# Assignment 7: Neural Networks and Backpropagation
In this assignment, you will be asked to write your own code to implement the learning process of a simple neural network. We will use a simple version of [MNIST dataset](http://yann.lecun.com/exdb/mnist/), which we have introduced in Assignment 5. To make the problem simpler, we only take images with label '8' and '9', which gives us a binary classification problem. Then we subsample the dataset and reduce the dimension of each image using average pooling. The following code loads the dataset and prints its dimension.

In [1]:
import numpy as np 
import matplotlib.pyplot as plt
#Load data
import scipy.io as sio
a = sio.loadmat('mnist_binary.mat')
X_trn = a['X_trn']
X_tst = a['X_tst']
Y_trn = a['Y_trn'][0]
Y_tst = a['Y_tst'][0]
print(X_trn.shape)
print(X_tst.shape)
print(Y_trn.shape)
print(Y_tst.shape)

(196, 964)
(196, 414)
(964,)
(414,)


## Requirements
1. You are not allowed to use any machine learning libraries which have neural networks implemented.

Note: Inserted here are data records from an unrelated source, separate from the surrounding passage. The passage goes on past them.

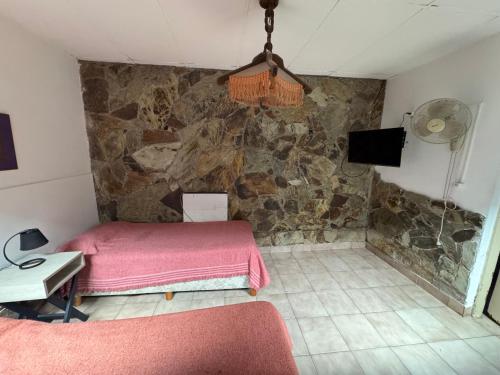a bedroom with a pink bed and a stone wall at Jujuy Hostel in San Salvador de Jujuy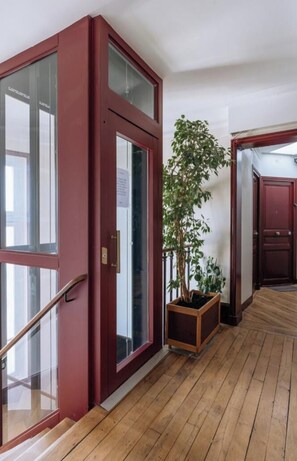 A hallway with a wooden floor, a red door with glass panels, and a potted plant. - Top Floor 2BD Apartment Amazing Views—Montmartre! (Paris)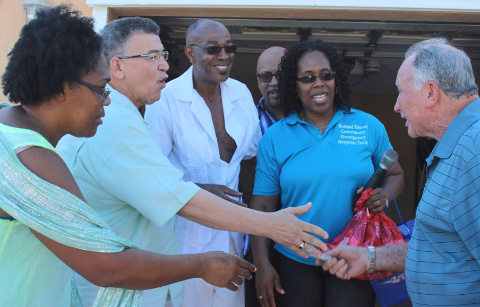 Leader of the Opposition McKeeva Bush, second from left, accepts a donation from Jimmy Powell, right, for the Belford Estates Emergency Response team, joined by response team leaders Millicent and Err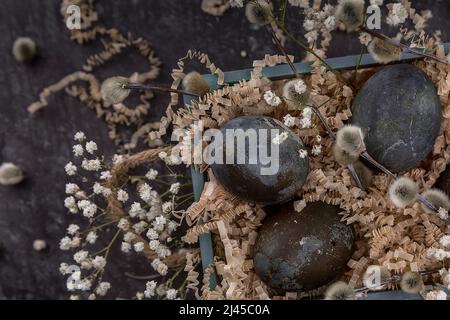 Easter composition with dark colored eggs in a wooden box. Willow branch. The minimal concept of Easter. An Easter card with a place for the text. Stock Photo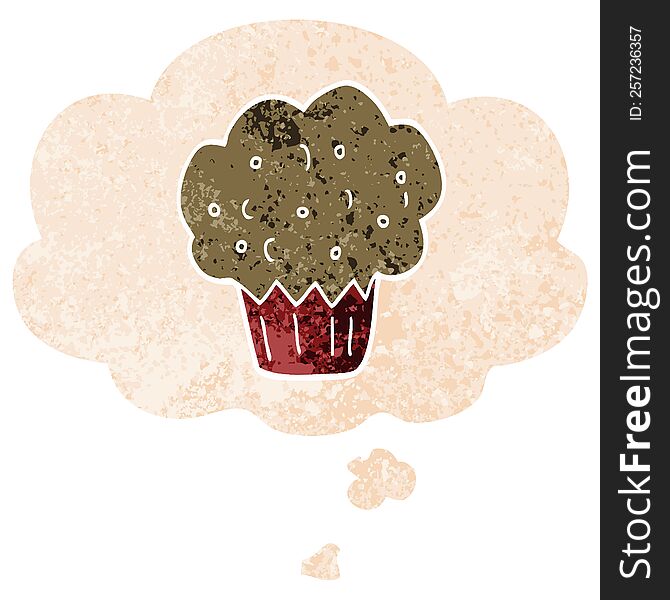 cartoon muffin with thought bubble in grunge distressed retro textured style. cartoon muffin with thought bubble in grunge distressed retro textured style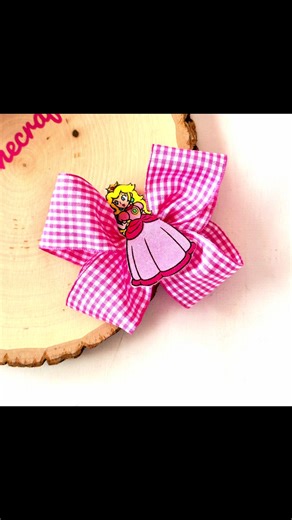 🎀✨ STOP SCROLLING 👀—you have to see this Princess Peach hairbow glow-up! My first one used a stiff ribbon (cute, but not quite right), so I found the perfect softer gingham ribbon 👑🍑. Here’s your BTS look at the bow assembly that makes every girly accessory lover’s heart skip! . . . . Keywords: Princess Peach hairbow, handmade gingham bow, girls princess accessories, custom ribbon hairbows, gingham hair accessory Hashtags: #CraftTok #GirlsFashion #princesspeachhairbow #handmadebows #ginghamb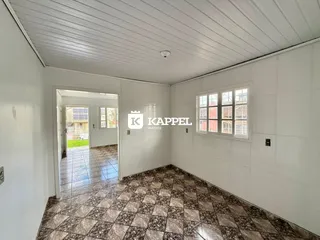 Ambiente interno com piso de mármore e janela em uma residência.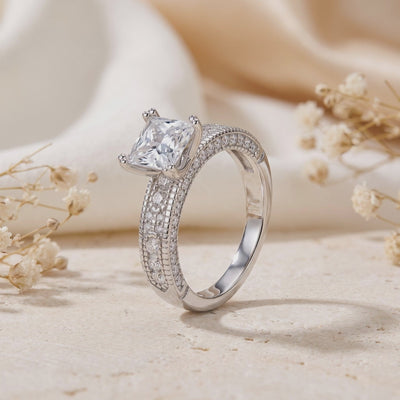 Three-quarter view of a silver ring standing upright, showing its raised square-cut setting and pavé band.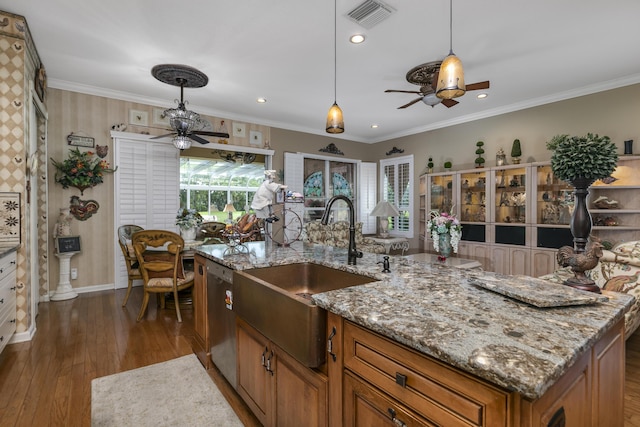 kitchen with dishwasher, sink, hanging light fixtures, dark hardwood / wood-style floors, and a center island with sink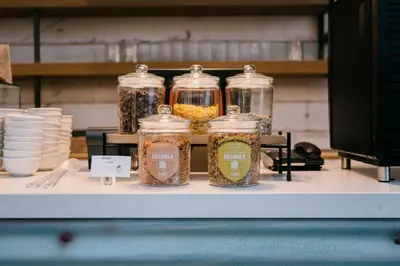 a display of jars of food on a table at Element Amsterdam in Amsterdam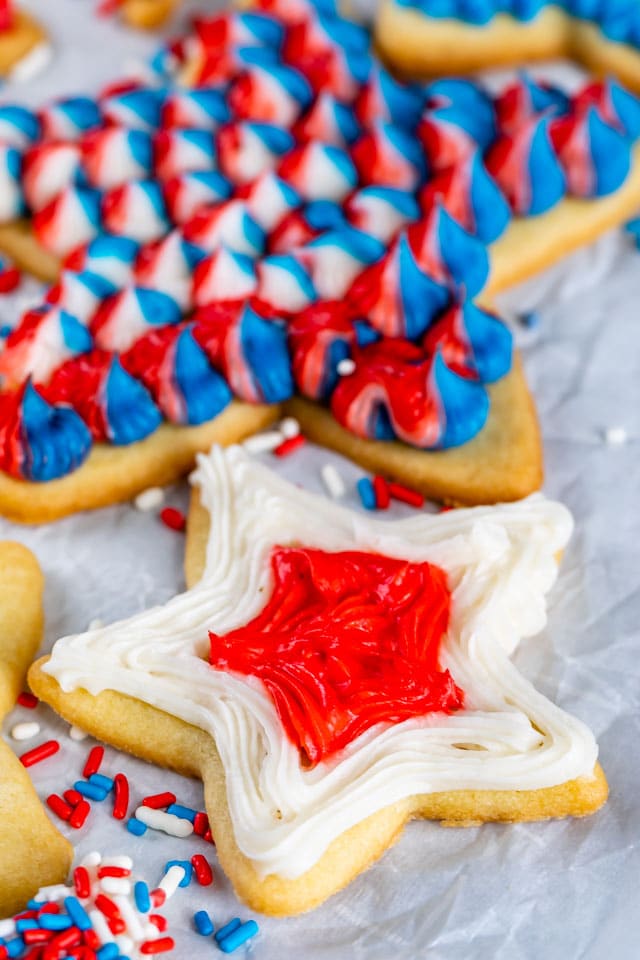 overhead shot of star shaped sugar cookies decorated with red, white and blue frosting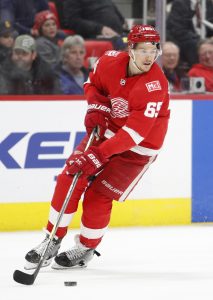 Detroit Red Wings defenseman Danny DeKeyser (65) skates with the puck during the first period against the Montreal Canadiens at Little Caesars Arena.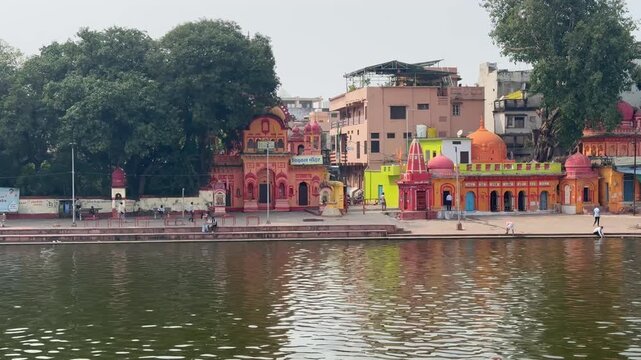 Chakraghat Sagar riverfront with temples and greenery in Sagar Madhya Pradesh India, featuring historic architecture, religious ghats, and tranquil waterfront scenery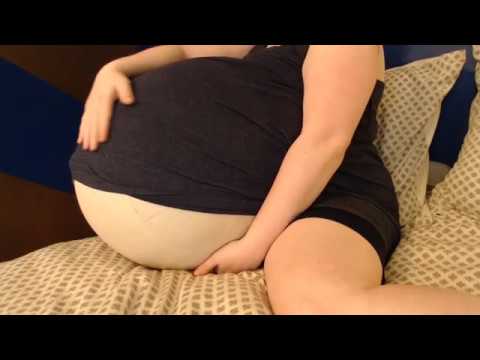 Camgirl pregnant belly movements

2. Notice here most of the problems you have will be regarding the dimensions of variables. In each skeleton function we provide, we have one assert line to help you verify whether you write your code correctly. Passing the assert line doesn't mean your code is correct. But it is a necessary condition.

3. You don't need to strictly follow the skeleton we provide. As long as you answer the problems correctly, you can write in any style you prefer.

## Parameters
Let's first implement a simple neural network with one hidden layer and one output layer. The hidden layer only has $n_h$ neurons. We assume the output layer has two neurons. Hence you will have 4 parameters to describe the neural network: 

1. $W_1$, a $n_h$ by 196 (number of features) matrix, which is the weight matrix between features and the hidder layer.
2. $b_1$, a scalar, which is the offset for the first layer.
3. $W_2$, a 2 by $n_h$ matrix, which is the weight matrix between the hidder layer and the output layer.
4. $b_2$, a scalar, which is the offset for the second layer.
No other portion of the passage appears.